Monday, March 24, 2014

Drama Big Queen Bag. 2 - MEMAHAMI RASA CAPPUCINNO DAN LEMON TEA

Gimana sih perasaan cewek yang dibilang gendut sama cowok di depan orang banyak? Malu, jelas! Kesel, marah, buanget! Nggak terima, dongkol. Yep, suer itulah yang sedang berkecamuk di dalam hatiku. Perasaan ingin membunuh si cowok bernama Evan itupun belum lenyap dari angan-anganku.
Meskipun tragedi itu sudah berlalu beberapa hari, dan dia sudah beberapa kali mendekatiku untuk membuatku memaafkannya dengan mengatakan, “Nay, kita sahabat!” tak berpengaruh sama sekali sama aku. Ya, intinya tak setitikpun rasa kesalku pada Evan luntur dengan segala hal yang dia lakukan. Karena kali ini Evan keterlaluan tingkat dewa.
Dan perasaan kesalku itulah yang membuatku terdampar di A1 Espresso, sebuah café langgananku, untuk menunggu Alsa, sepupuku. Dia bilang dia ada di sekitar A1 Espresso, jadi dia ingin aku menunggunya di sana. Tapi, sudah setengah jam lebih aku duduk sendirian di sini dengan segelas lemon teaku.
“Hai, dear!”
Nah, itu suaranya. Kuhela nafasku penjang seperti melepas kejenuhan yang menyelimutiku.
“Dah lama?” tanyanya sambil duduk di sofa merah marun di depanku.
“Banget!” jawabku agak sewot.
Sorry, abis meeting-nya molor, sih! Penulis pemula, jadi jelasinya agak detail.” katanya sambil melambai pada seorang pelayan untuk menghampiri kami.
Cewek pelayan itu meletakkan buku menu di depannya. Tapi, Al nggak mempeduliakannya.
“Dua cappuccino,” pesannya dengan senyum ramah, khas dia banget.
“”Aku udah pesan lemon tea!” kuangkat gelasku yang masih menyisakan setengah isinya.
“Percaya sama aku, kamu butuh kopi untuk merenggangkan saraf-sarafmu.” Dia mengedipkan sebelah matanya padaku. “Dua cappucinno, mbak!” ulangnya dengan nada ramah yang sama pada si pelayan yang tampak membalas senyum sepupu mungilku ini.

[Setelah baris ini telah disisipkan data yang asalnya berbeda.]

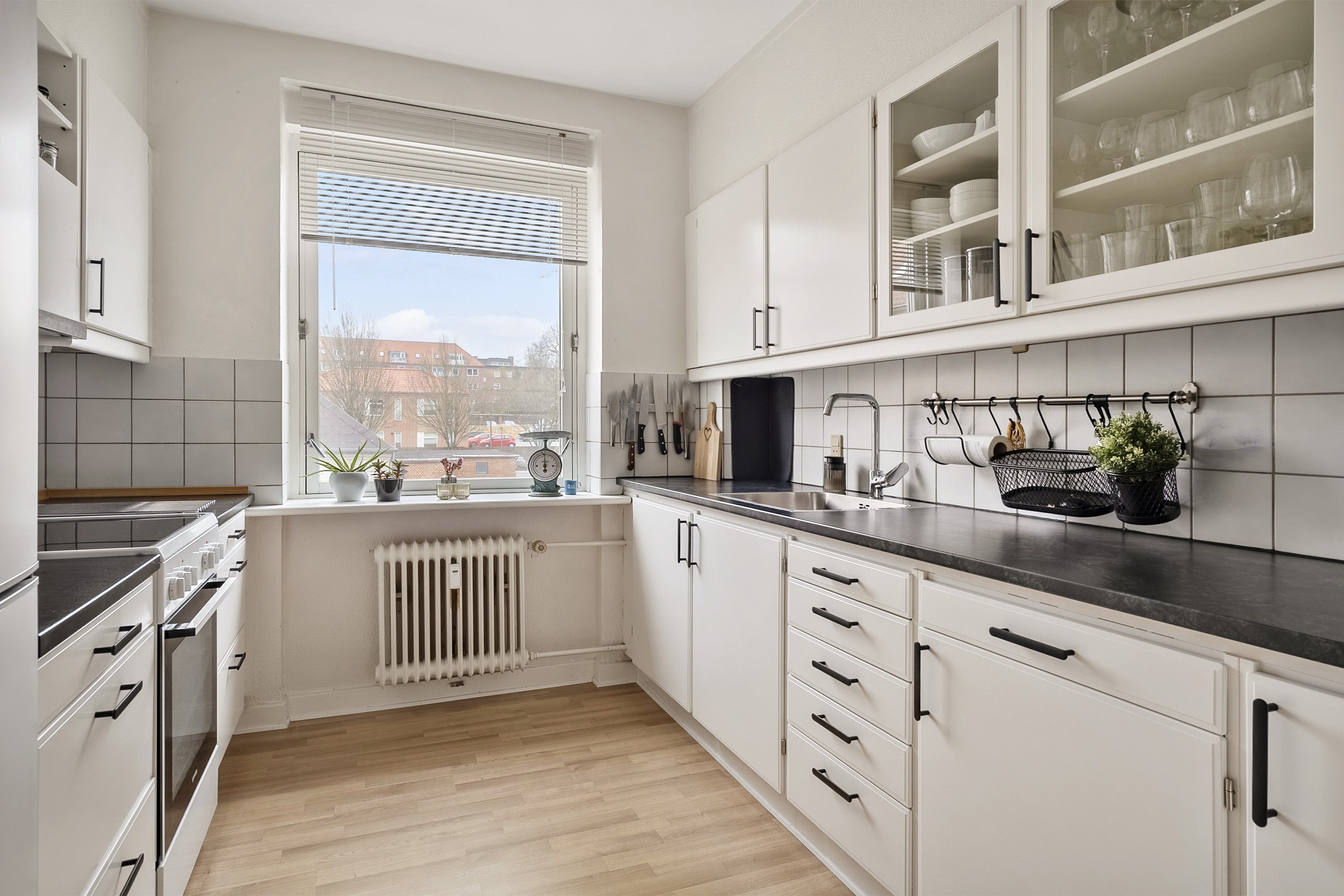 Fremhævet køkken billede i fuldskærmstilstand. Billede af Enghavevej 1A, 1. th., 6800 Varde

So, apa yang bikin kamu ngundang aku ke sini, dear!” Al menyilangkan kakinya dan meletakkan lengannya di atas lututnya untuk menyangga dagu runcingnya yang manis. “Masih masalah yang sama?” tebaknya.

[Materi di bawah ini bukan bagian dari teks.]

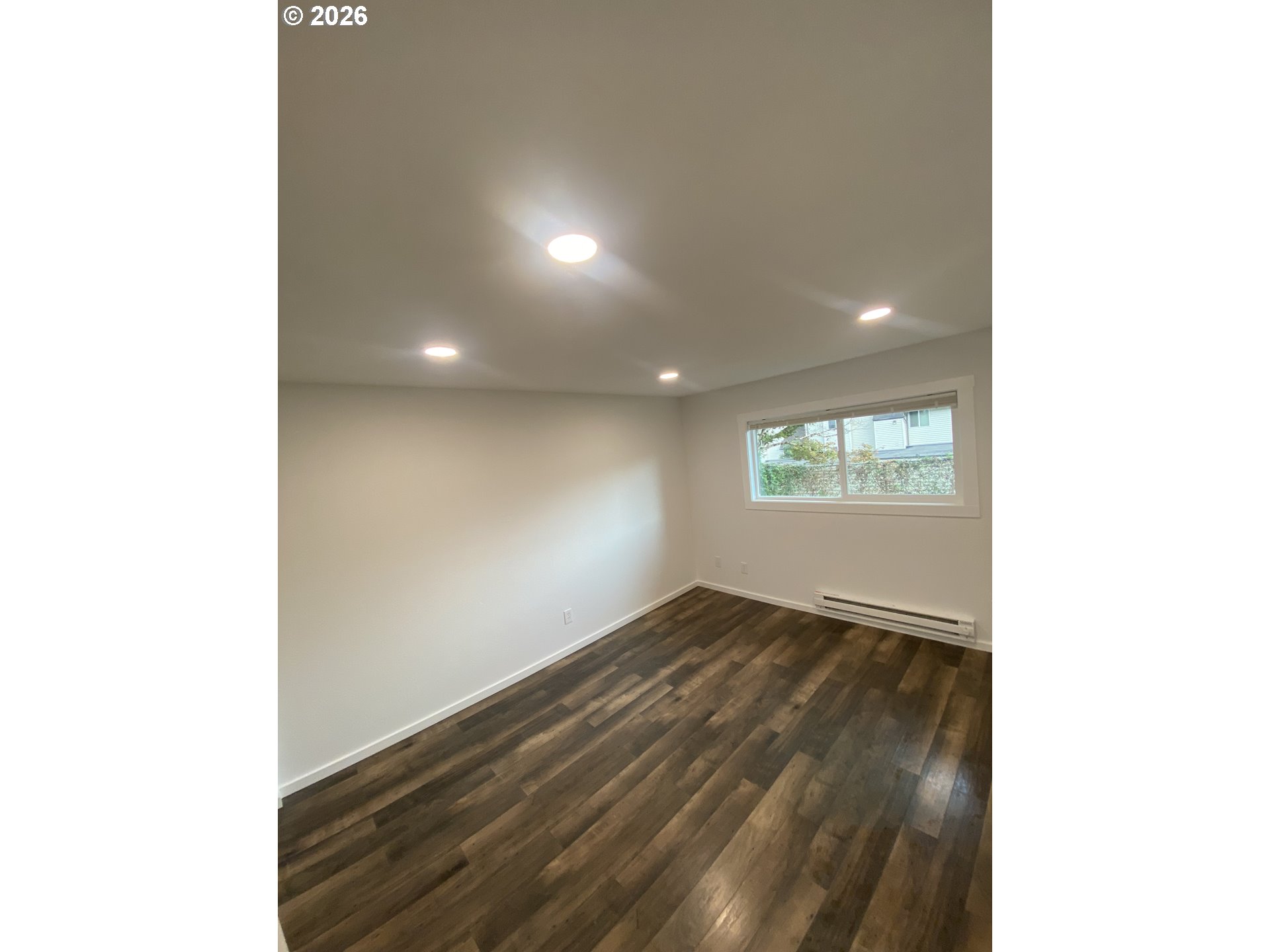 850 W Powell Blvd Property Photo 13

Yah, aku memang cerita semua kejadian memalukan di malam itu sama dia.
Aku mengangguk sambil mengangkat gelas lemon tea-ku dan menegukkanya untuk menghapus sedikit perasaan kesalku, agar kesannya aku tak terlalu menanggap masalah ini terlalu berlebihan.
Al ketawa, “Segitu keselnya kamu sama sobatku itu?”
Aku mengangguk.
Ah, iya! Evan adalah sahabat baik Al sejak kuliah. Dan aku mengenal Evan sebelum kami kerja di perusahaan yang sama karena sepupuku ini. Kemudian, terbentuklah ikatan tak terlihat antara kita bertiga plus satu cowok lagi.
“Udahlah, Nay, kamu kayak nggak tahu Evan aja!” Kupelototi dia dengan geram, membuat Al tertawa lagi. “Bukannya aku mau belain dia. Tapi, seperti yang aku sering katakan sama kamu, Evan itu ada rasa sama kamu.”
Kubuang tatapanku ke luar kaca besar di sampingku, tampak hujan makin deras dan sedikit angin semilir yang membuat daun-daun itu bergerak lincah. Cahaya lampu mobil menembus butiran air hujan dan menciptakan siluet pendar yang romantis. Sayangnya, mereka malah membuat hatiku berdenyut aneh.
Pelayan datang dan menurunkan pesanannya, dua cappucinno, untukku dan untuknya sendiri.
“Terima kasih,” katanya sebelum pelayan itu pergi.
Tatapan Al kembali padaku, namun perhatianku lebih pada cappuccinno di depanku. Kayaknya, si Al emang benar, aku butuh kopi untuk menenangkan diriku sendiri.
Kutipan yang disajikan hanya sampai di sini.